In mid-February, she was diagnosed with acute myeloid leukemia after going to hospital for what she thought was a throat infection.
A pediatrician told the family that there is a 40 per cent to 50 per cent survival rate with blood transfusions and a 65 per cent chance with a bone marrow transplant. They rejected the suggested treatment, saying they were Jehovah's Witnesses.

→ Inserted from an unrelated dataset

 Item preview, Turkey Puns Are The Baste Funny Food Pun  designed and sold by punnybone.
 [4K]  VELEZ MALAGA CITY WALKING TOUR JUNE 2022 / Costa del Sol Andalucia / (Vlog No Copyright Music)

Then the father reopened his Bible to Acts 15:28, a passage Witnesses cite for refusing blood transfusions. Over and over, he read:
"For the Holy Spirit and we ourselves, ask a favour adding no further burden to you except these necessary things: to abstain from things sacrificed to idols and from blood and from the things strangled and from fornication. If you carefully keep yourselves from these things, you will prosper. Good health to you."
The words he had read hundreds of times since becoming a Witness 20 years ago in Ontario in Belleville and accepted: no heavenly paradise for those who accept another's blood.
"I was struggling with those scriptures and reading others that talk a great deal about the sanctity of life, how important life is."
Finally, he concluded it would be wrong, even cruel, to watch his daughter die without trying to save her.
Had she agreed to transfusion, she too would be disowned by her mother and sisters. "She's lived such an isolated, controlled life — all her friends are Jehovah's Witnesses."
He talks to his daughter each day by phone. Sometimes she gets angry, telling him: "I hate you."
Then there are kinder, gentler moments when she says the opposite.